In the animation artwork collection of the EYE Film Museum, we regularly find cels with paint layers that were once sticky and are now stuck. In the stacks of animation artwork, these paint layers have glued themselves to other cels or adjacent papers. When you try to separate them, you run the risk of damaging the paint layer or “skin” the paper surface. Because we do not want to cause any more damage, we leave these cels as we found them: stuck and unavailable for research or display.
Paint stuck to an animation drawing in the artwork for A Midsummer’s Night Dream (1983) by Studio Kozelka. In the process of trying to remove the cel from the animation drawing, the surface of the paper was severely damaged. (Artwork in the collection of the EYE Film Museum)

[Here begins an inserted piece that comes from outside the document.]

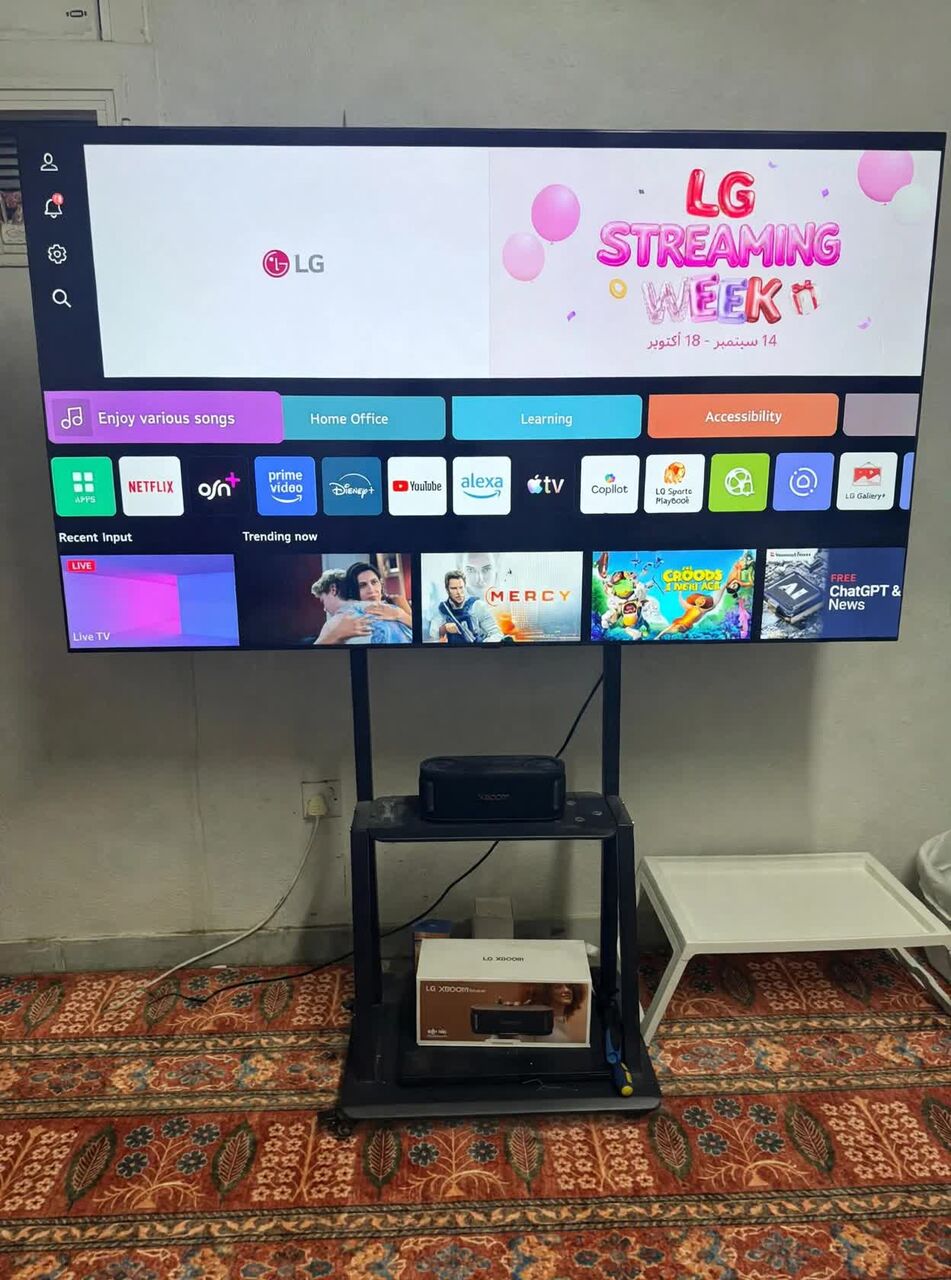 Riyadh, Appliances, SAR 1500,  65 Inch LG UHD 4K Smart TV With Magic Remote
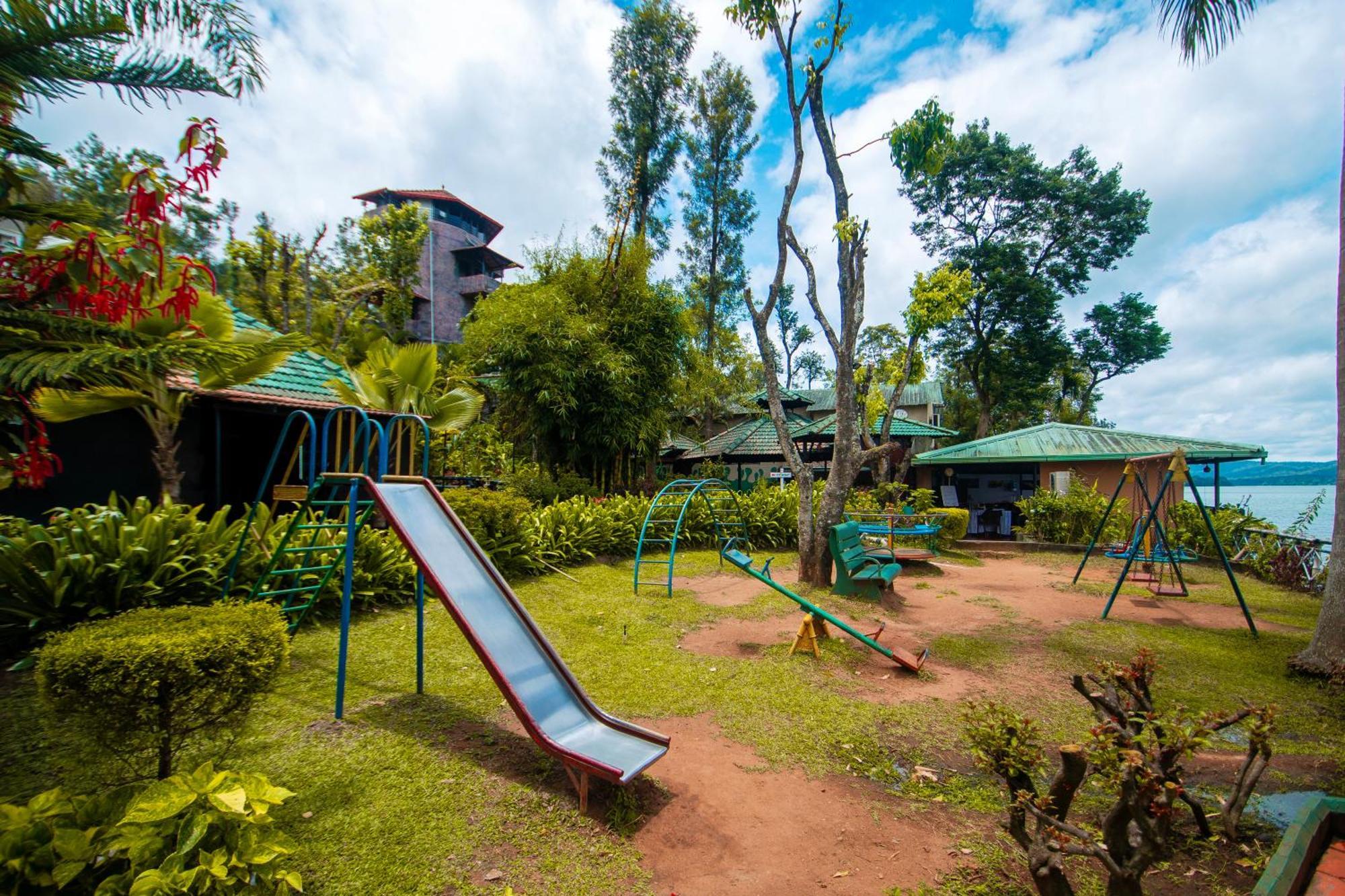 Coorg Jungle Camp Backwater Resort Suntikoppa Екстер'єр фото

The use of clean-up animation as interleaving
Animators often used the final preparatory drawings (clean-up animation) as interleaving between the painted cels. In the final stage of drawing, the cel is placed over the animation drawing and the lines of the drawing are traced with ink on the frontside of cel (inking). The cel is then flipped and the colour is applied on the backside. To use the cleaned up drawings as interleaving is a logical consequence of the production process because every cel comes with its own cleaned up animation drawing. The interleaving protects the cels form sticking to each other, but when the paint sticks to the interleaving, both the animation drawing as well as the paint layer can easily get damaged. And because the animation drawing is often directly underneath the painted image, it is most likely affected.
Damaged paint layer as a result of separating stuck cels used in the production of the film The Water People (1992) by Paul Driessen. If you look closely, you can see the fibres that are torn from the surface of the interleaving paper and embedded in the paint layer. (Artwork in the collection of the EYE Film Museum)
The Paint on Cel Animation Questionnaire
We do not know what causes the paint to stick. Maybe — at a certain point in the past — the paint got too warm and started to become soft and sticky. Or maybe the paint did not have sufficient time to dry during the production process. It could be that some paint formulations tend to stick more then others. Latex wall paint, for example, is a paint that is often used to reduce production costs and it is notoriously slow drying.
Paint analyses could give us some answers, but animators who actually worked with paint on cellulose acetate could give us more useful and complete information. This is why we developed a questionnaire asking animators about their experiences with paints on cels during and shortly after the production of the film. The questionnaire addresses Dutch animators or animators who have worked in the Netherlands and is drawn up in Dutch, yet the outcome will hopefully give a better insight in the composition and behaviour of paint layers on animation cels in general.